Earth Hour and a life in ruins
THE FIFTH COLUMN
My Life in Ruins (SABC3, 7pm); The Bank Job (e.TV, 8pm); The Voice (M-Net, 8pm). These are the shows you’ll miss, partially or completely, during Earth Hour on Saturday March 24. It’s noticeable that all three shows relate to the event, so let’s have a closer look.
The Voice is in its 13th season and therefore thoroughly missable. The voices in your head during Earth Hour will not be. Sitting in the dark, a strong voice — this you will identify as the voice of reason — will tell you what you are doing is admirable and “for the greater good”.
The voice will quickly morph into a much stronger, whiny sort of squeal that this is insane.
What difference does it make globally, the voice will say, to have a few appliances turned off for an hour? You’ve had a hard week, it will tell you, you deserve to be entertained.
Besides, it will go on, climate change hasn’t been proved beyond doubt, has it? Sure, there are signs — no polar bear should swim for 100km nonstop — but was the summer really that hot? And don’t they have hurricanes in the United States every year? And what does “in living memory” really mean?
(Hey, it’s the blind auditions, the voice goes, and you decided long ago that that’s not a confusing, borderline-offensive title. So you listen, get up and the turn on the TV and draw the curtains so no one can see. No one can see that when it comes down to it, you feel in your heart of hearts the Earth can suck it.)
The Bank Job is a movie starring Jason Statham about a 1971 bank heist in London. Earth Hour was launched in 2007, which makes it unlikely the heist was carried out during Earth Hour. (Heists have been carried out during Earth Hour since, which raises some questions about how this author thinks.)
Plans or no plans, a blackout will suck the energy right out of your Saturday night, leaving you with nothing else but to ponder the wider, ever-expanding ruins of your life seemingly with no end.
My Life in Ruins — Hollywood movie; happy ending — is the perfect antidote for such existential angst and available for free on SABC3. But as is the case with all movies, it demands a power outlet and at least a 200-watt supply.
Yes, Earth Hour may be a New Year’s Eve in reverse; the global celebration shrouded in darkness devoid of fireworks and live music.
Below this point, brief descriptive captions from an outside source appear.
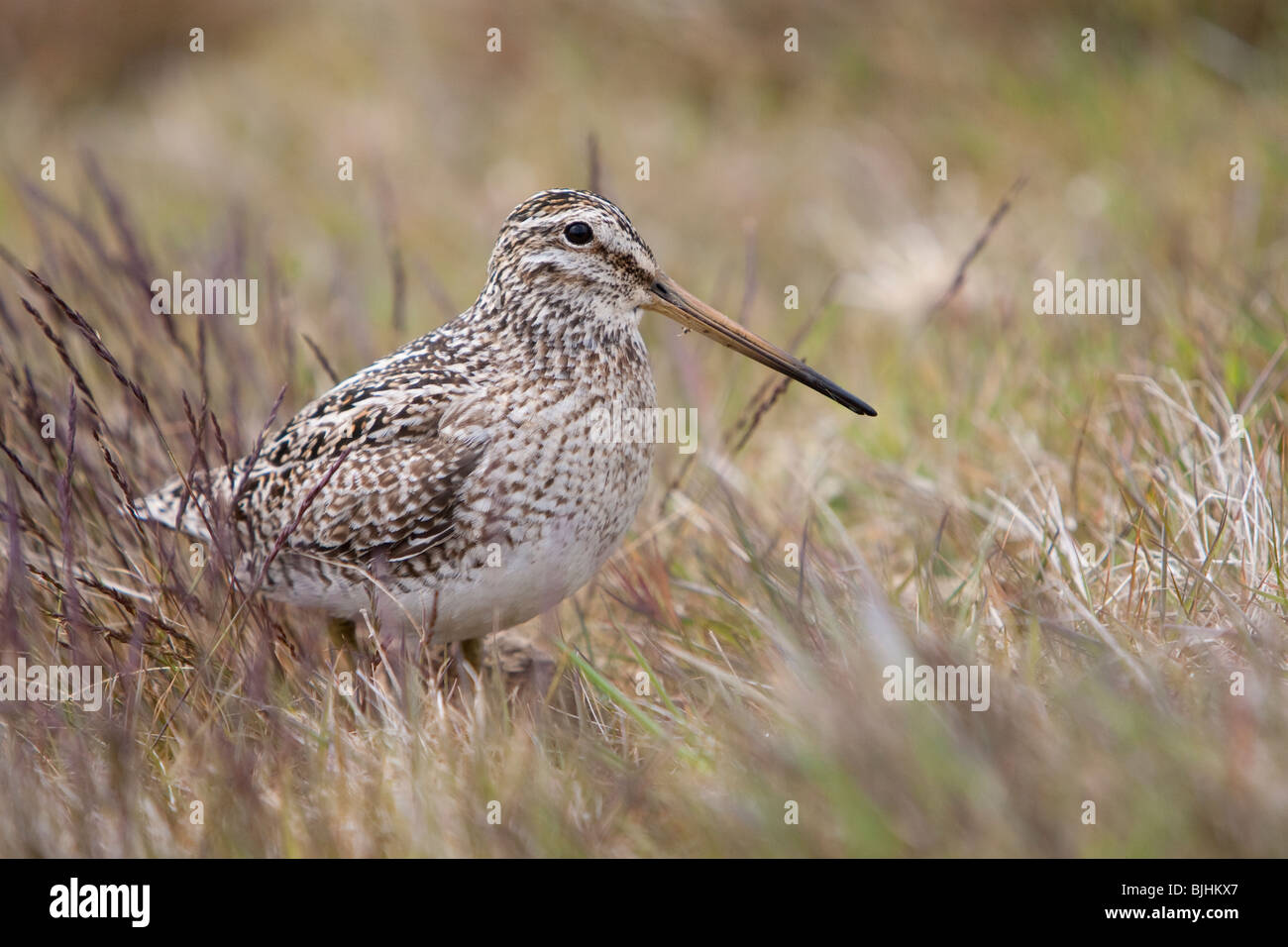 Magellanic Snipe Gallinago paraguaiae magellanica Snipe Sea Lion Island Falkland Islands Stock Photo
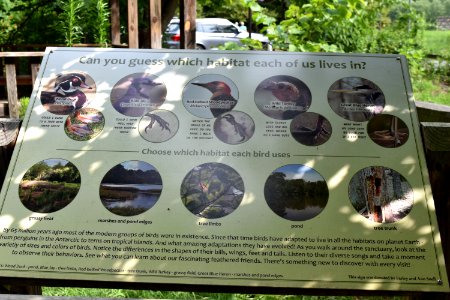 sign Beaver Lake bird sanctuary ncwetlands AM (3)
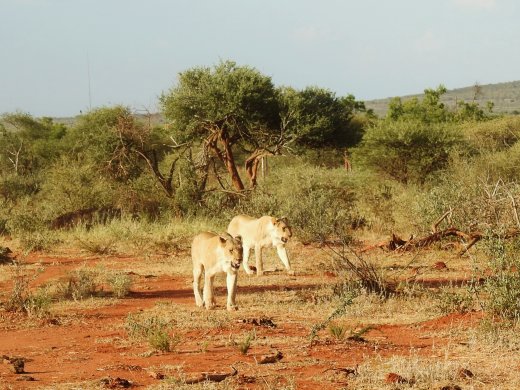 Subadult Female Lions
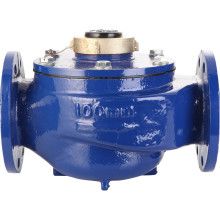Rotary water meter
But rejoice, after 60 minutes of quiet contemplation listening to the house settle, the lights will come back on, the fridge will whirr — there is life in the kitchen! — and the sound of modems, TVs and hi-fis powering up for 365 more days of uninterrupted service will make it seem like the whole ordeal was just a bad dream.
Until next year, of course, when you’ll have to pit the future of the planet against your happiness once more.